How genetic testing will show us the money in 2009

Rather than targeting the consumer market deCODE is looking at corporations who want to protect key employees, and insurers who want to cut specific risks down the road. Who pays matters.
Written by Dana Blankenhorn, Inactive

Knome Genomekey in boxEvery new business niche goes through specific stages. Launch, proof, competition, consolidation.

The business of your genetic code has now entered stage two, proof. Also known as, show me the money.

Of all today's start-ups it's the best known, 23andme, which seems to be facing the stiffest headwinds.

It has slashed prices, brought in new leadership, and faced no small amount of media ridicule, as reporters start asking the hard question -- what's it for?

While 23andme has headed directly toward the mass market, Knome has headed to the class market.

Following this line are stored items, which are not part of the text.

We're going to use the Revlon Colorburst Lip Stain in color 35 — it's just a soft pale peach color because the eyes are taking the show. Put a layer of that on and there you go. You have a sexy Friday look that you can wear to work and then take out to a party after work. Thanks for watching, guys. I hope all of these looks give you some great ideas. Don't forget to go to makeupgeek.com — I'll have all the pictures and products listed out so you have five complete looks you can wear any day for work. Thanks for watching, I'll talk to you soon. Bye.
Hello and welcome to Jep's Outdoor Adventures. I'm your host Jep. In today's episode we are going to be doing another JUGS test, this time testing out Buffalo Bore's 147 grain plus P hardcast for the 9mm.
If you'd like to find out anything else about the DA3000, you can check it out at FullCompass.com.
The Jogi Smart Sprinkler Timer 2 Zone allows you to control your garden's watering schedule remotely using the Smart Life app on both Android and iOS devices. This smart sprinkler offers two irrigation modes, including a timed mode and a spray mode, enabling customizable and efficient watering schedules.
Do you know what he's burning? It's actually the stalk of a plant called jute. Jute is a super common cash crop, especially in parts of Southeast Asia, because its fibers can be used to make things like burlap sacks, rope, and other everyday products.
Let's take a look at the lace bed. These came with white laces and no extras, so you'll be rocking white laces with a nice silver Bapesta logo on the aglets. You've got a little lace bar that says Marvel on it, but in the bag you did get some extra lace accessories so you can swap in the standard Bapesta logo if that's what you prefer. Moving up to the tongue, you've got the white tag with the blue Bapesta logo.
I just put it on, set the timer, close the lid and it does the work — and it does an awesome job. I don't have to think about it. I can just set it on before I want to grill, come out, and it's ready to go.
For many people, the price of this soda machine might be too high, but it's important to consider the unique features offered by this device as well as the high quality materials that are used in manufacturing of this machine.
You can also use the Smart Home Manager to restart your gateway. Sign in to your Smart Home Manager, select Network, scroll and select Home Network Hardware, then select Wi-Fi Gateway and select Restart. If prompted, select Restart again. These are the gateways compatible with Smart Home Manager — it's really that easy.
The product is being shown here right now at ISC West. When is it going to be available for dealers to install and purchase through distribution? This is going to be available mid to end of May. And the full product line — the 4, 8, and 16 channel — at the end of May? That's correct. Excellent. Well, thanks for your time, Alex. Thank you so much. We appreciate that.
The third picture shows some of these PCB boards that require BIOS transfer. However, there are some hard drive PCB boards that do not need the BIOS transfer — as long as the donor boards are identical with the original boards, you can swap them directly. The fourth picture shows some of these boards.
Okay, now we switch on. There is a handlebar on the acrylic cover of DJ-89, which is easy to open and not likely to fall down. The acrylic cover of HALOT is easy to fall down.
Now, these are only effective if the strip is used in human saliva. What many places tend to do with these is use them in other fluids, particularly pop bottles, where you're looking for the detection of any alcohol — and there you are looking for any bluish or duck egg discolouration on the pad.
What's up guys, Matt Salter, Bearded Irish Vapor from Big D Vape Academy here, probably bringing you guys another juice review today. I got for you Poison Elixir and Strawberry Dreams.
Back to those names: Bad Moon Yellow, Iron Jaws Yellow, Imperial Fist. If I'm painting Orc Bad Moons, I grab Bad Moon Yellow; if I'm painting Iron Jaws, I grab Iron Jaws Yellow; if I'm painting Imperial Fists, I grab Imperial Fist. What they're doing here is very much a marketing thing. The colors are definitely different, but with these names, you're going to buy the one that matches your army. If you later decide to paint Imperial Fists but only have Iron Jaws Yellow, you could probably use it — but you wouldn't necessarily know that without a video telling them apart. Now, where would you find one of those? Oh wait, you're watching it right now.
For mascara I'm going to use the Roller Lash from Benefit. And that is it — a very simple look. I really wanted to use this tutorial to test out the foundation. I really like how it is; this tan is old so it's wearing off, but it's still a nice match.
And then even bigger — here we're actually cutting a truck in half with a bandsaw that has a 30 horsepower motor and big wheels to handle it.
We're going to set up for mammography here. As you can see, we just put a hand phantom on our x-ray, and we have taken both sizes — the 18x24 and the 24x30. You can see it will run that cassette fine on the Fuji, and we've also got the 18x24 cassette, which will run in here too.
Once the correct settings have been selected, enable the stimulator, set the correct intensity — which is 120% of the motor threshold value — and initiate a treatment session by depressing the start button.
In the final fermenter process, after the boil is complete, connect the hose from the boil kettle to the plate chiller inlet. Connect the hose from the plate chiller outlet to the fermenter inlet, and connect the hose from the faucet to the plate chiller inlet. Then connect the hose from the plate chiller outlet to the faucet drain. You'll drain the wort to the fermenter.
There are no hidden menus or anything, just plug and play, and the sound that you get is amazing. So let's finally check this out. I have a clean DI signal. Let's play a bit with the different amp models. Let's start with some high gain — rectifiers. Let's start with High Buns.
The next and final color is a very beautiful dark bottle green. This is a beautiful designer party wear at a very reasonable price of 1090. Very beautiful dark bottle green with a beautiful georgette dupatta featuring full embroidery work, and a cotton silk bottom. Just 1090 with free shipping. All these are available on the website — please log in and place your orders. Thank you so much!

It puts its genome sequences on a stick, puts the stick in a box (above), then gives the box a fancy lid.

But at the end of the day, the offerings seem quite similar. The box and the stick just hold the result of a test -- what do you do with it?

Navigenics offers a twist. Instead of a stick in a box it's a service, genetic counseling with an RSS feed back-up. When your genes make news it's in your inbox.

Navigenics is also engaging in affiliate marketing, lining up wellness groups in an attempt to make its results actionable. But the money is still coming from consumers.

The concept being pushed here is bespoke medicine -- care tailored to your specific needs. Instead of taking your blood pressure, we may know you're prone to hypertension, and even which medicines are best, before you seek care.

That's why I like the market approach of deCODE, whom I profiled here last month.

Rather than just push whole genetic scans, deCODE has developed specific genetic tests for chronic conditions -- heart attack, stroke, diabetes, and various cancers.

Fact is that by the time we can afford this test we generally know what is most likely to kill us -- it's what killed mom or dad or grandma. We know, in general, where are risks lie.

A simple test that can tell us if the risk is real, and delivers news a doctor can use, which may prove its value to insurers. As it did to co-founder Jeffrey Gulcher, whose own prostate cancer was nipped in the bud thanks to deCODE genetic testing.

Rather than targeting the consumer market deCODE is looking at corporations who want to protect key employees, and insurers who want to cut specific risks down the road. Who pays matters.

It's this fight to bring third-party payers into the genetic testing arena where I think the money will be made in 2009. By the end of this year leadership will be established, the rules of the road will be known, and the game will be truly afoot.